[Opening PROVIDED ENTRIES section]
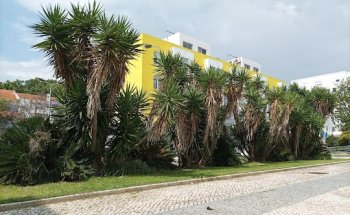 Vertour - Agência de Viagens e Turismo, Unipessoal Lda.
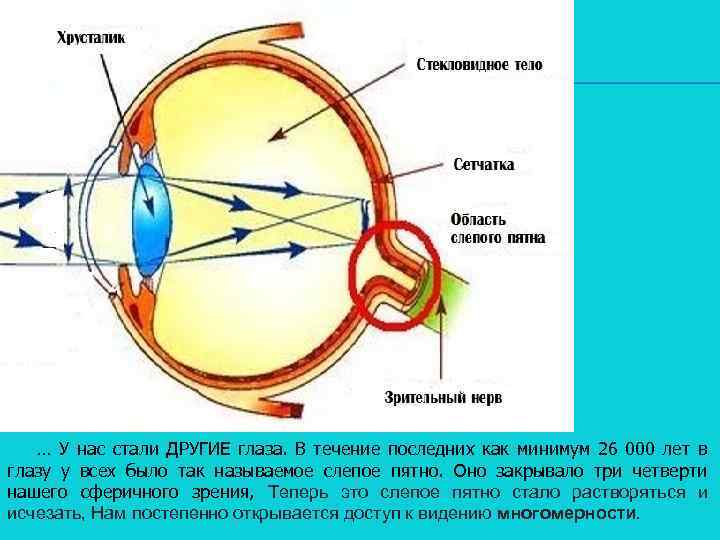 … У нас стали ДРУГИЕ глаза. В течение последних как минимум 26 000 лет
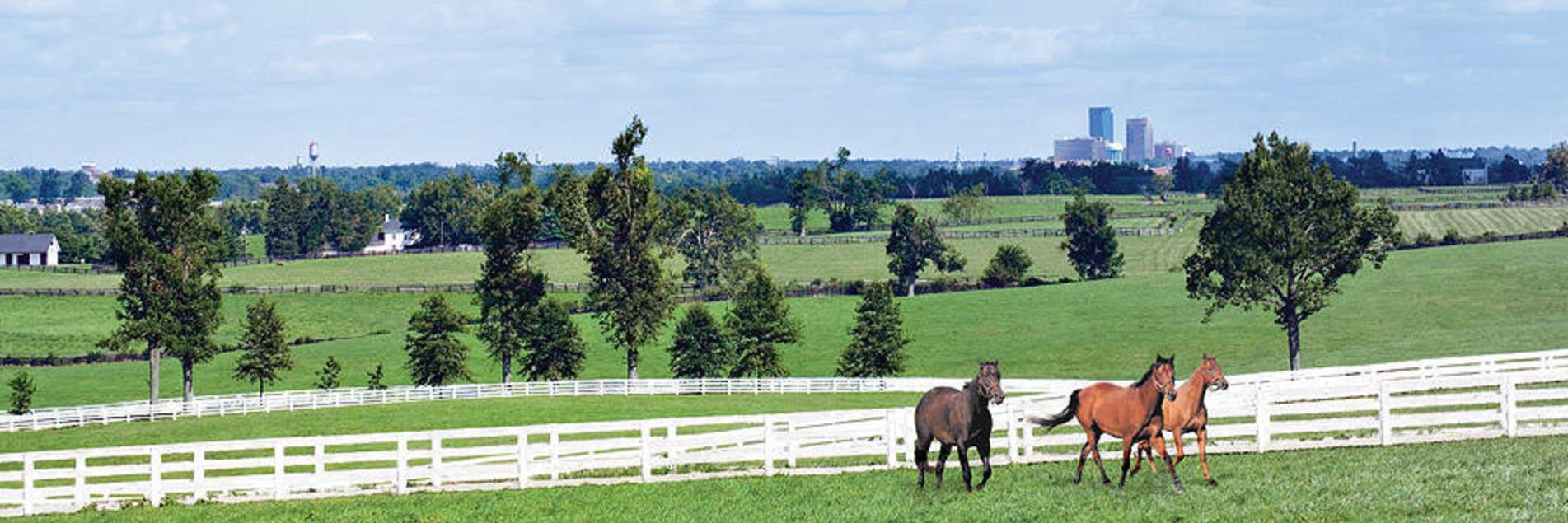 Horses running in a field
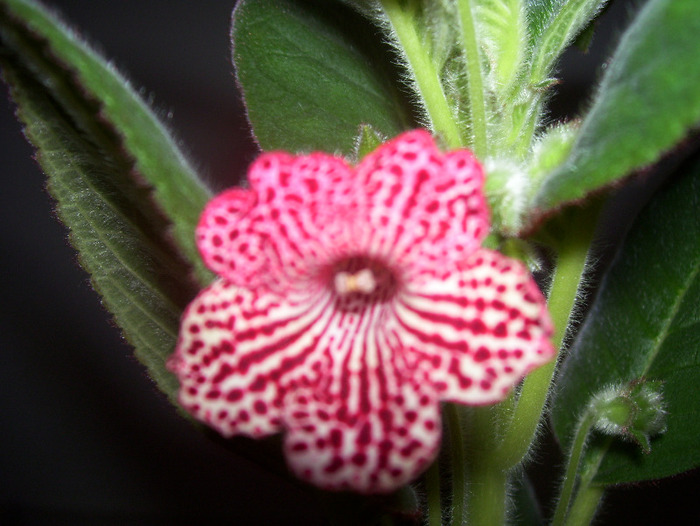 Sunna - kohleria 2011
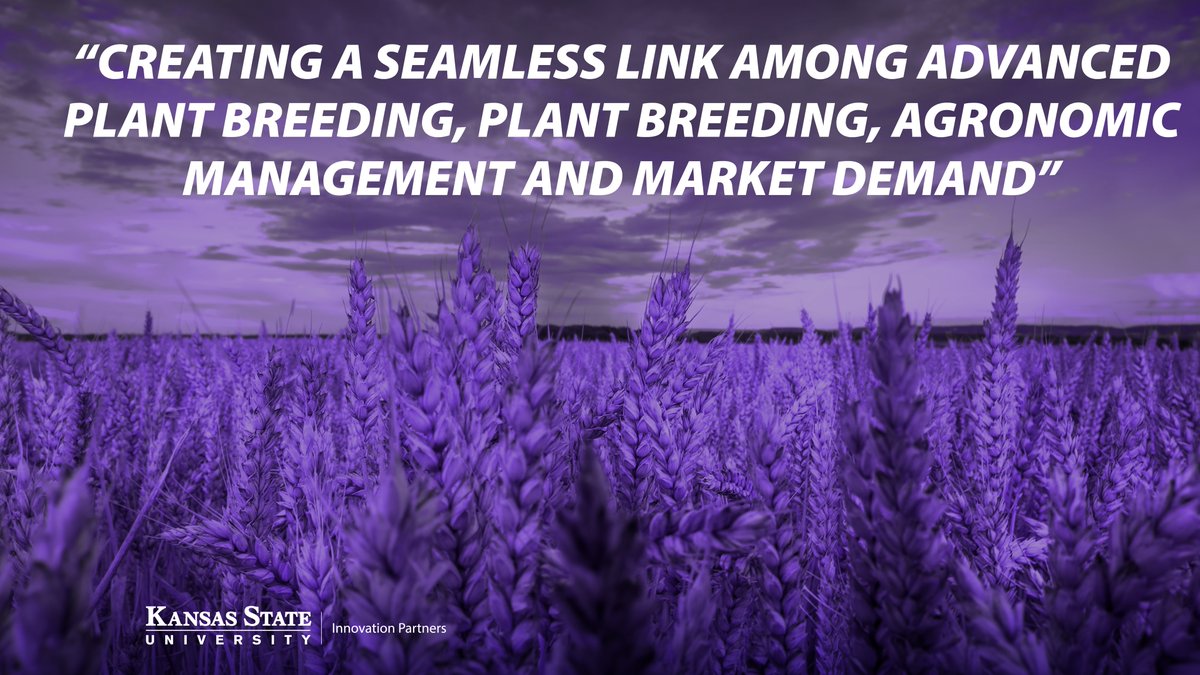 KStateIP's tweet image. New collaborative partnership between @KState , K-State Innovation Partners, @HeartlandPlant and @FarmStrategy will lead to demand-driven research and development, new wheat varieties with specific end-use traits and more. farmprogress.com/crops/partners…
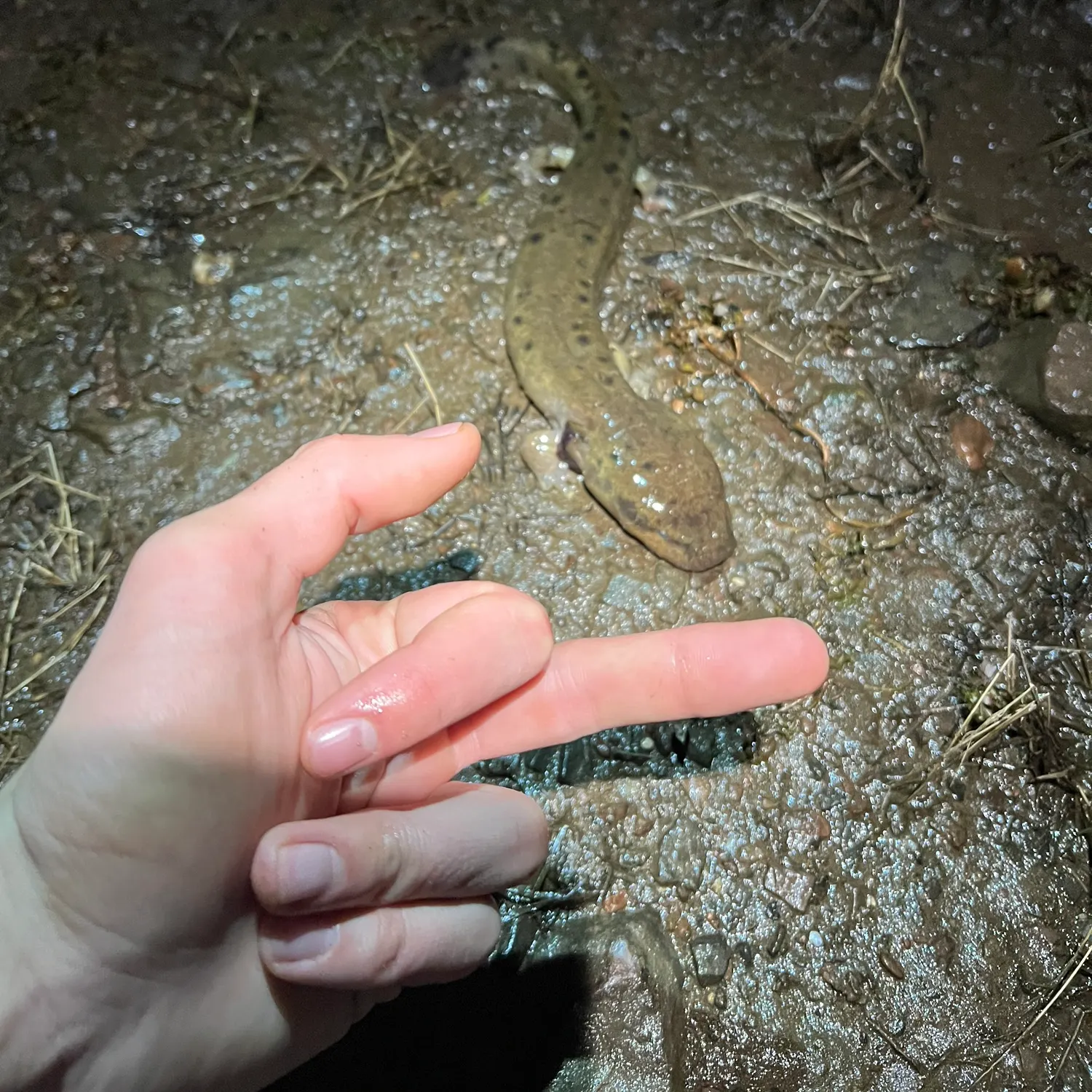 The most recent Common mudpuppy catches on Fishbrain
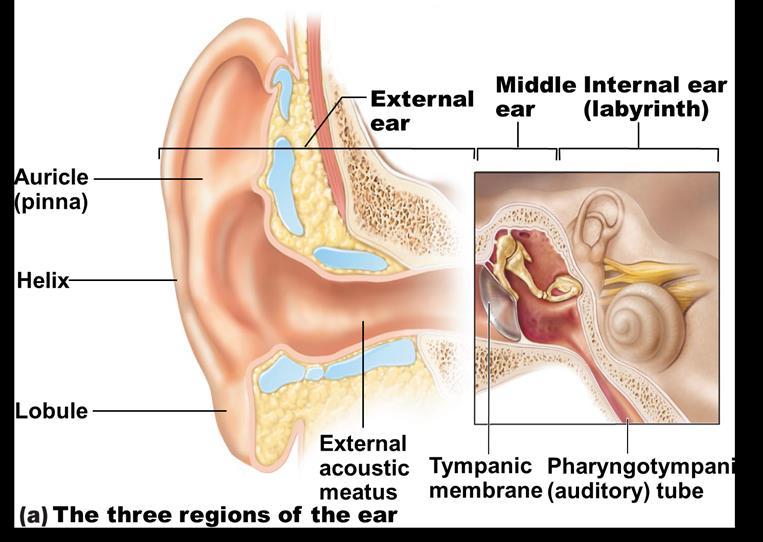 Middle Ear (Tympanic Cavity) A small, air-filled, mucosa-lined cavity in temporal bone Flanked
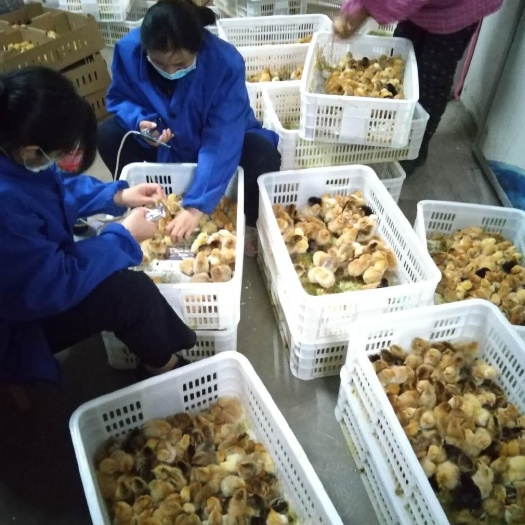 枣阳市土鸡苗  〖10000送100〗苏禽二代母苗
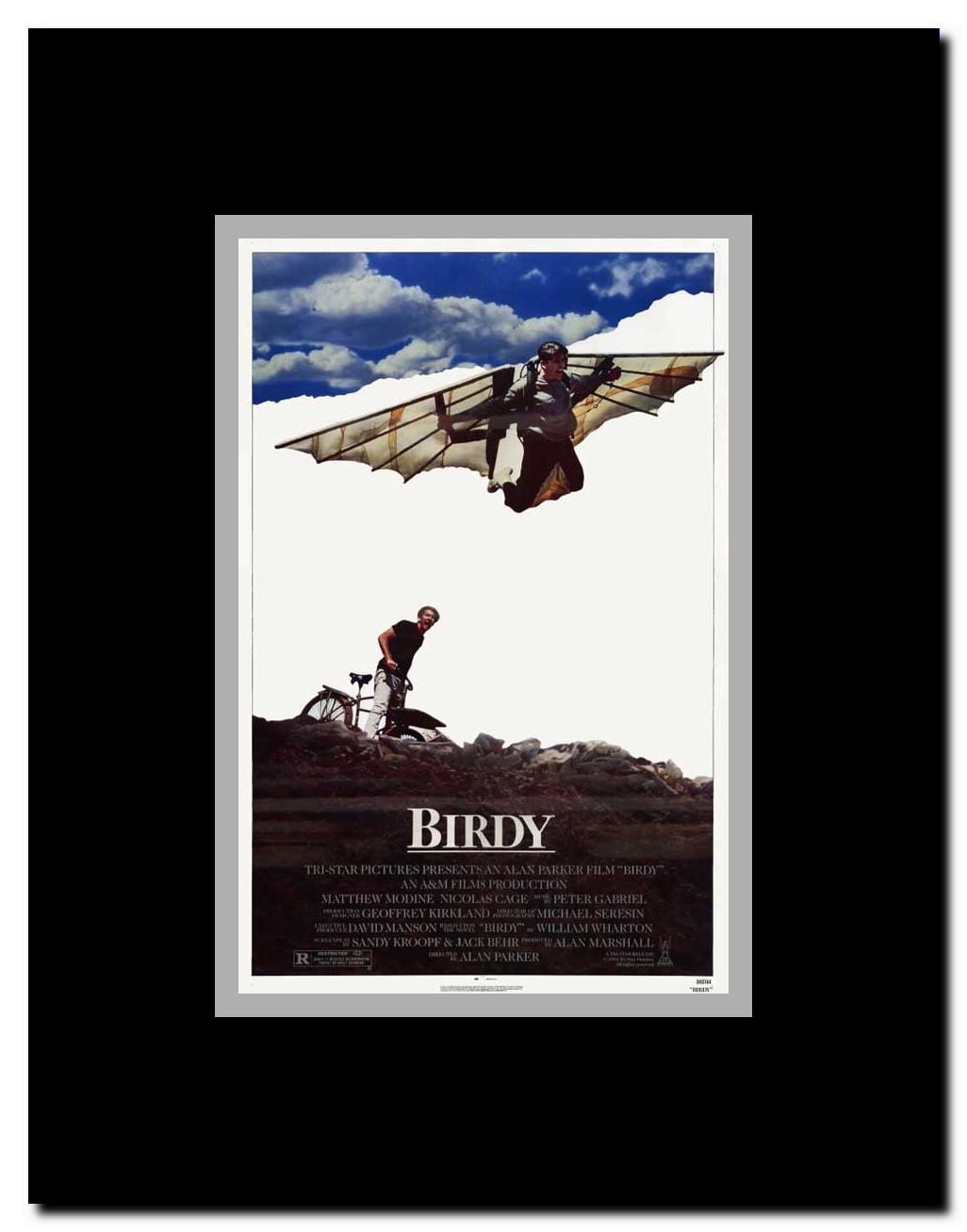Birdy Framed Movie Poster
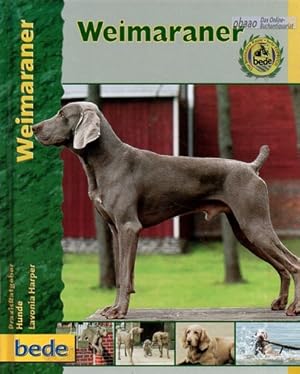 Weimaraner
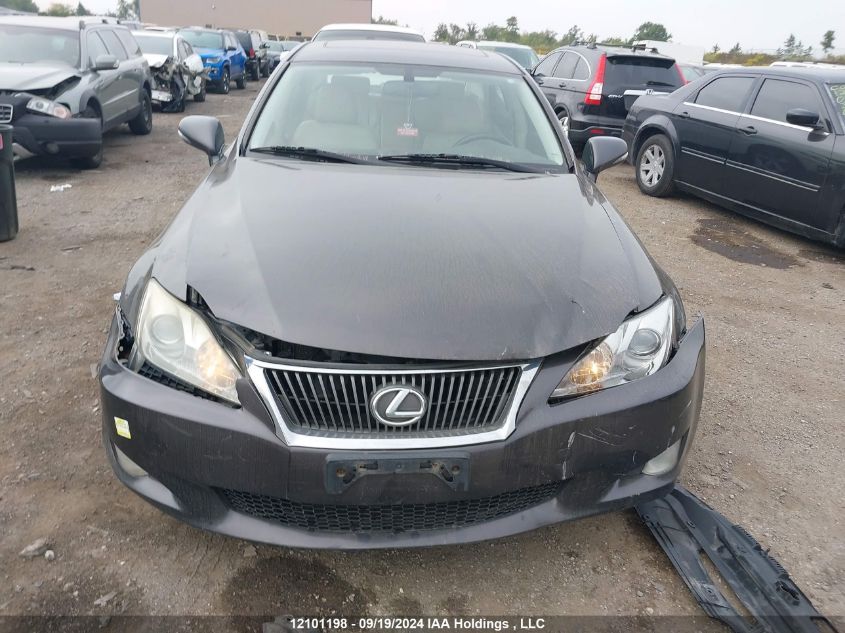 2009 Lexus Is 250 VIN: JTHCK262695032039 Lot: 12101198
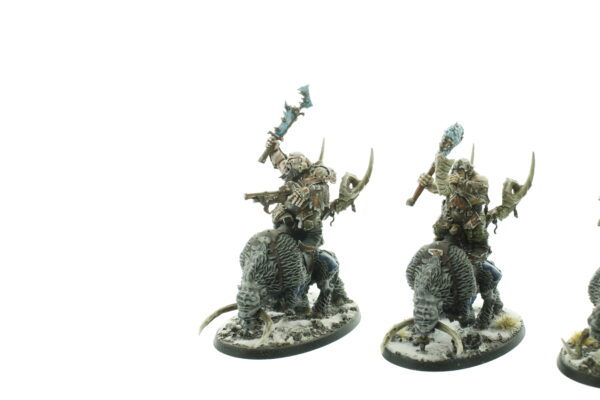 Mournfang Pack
[Closing PROVIDED ENTRIES section]
## TASK ITEM
Starting from the line that has "The most recent" and ending at the last line of the material above, every line should be output exactly; pictures are dropped and nothing else appears.

## TASK OUTPUT
 The most recent Common mudpuppy catches on Fishbrain
 Middle Ear (Tympanic Cavity) A small, air-filled, mucosa-lined cavity in temporal bone Flanked
 枣阳市土鸡苗  〖10000送100〗苏禽二代母苗
Birdy Framed Movie Poster
 Weimaraner
 2009 Lexus Is 250 VIN: JTHCK262695032039 Lot: 12101198
 Mournfang Pack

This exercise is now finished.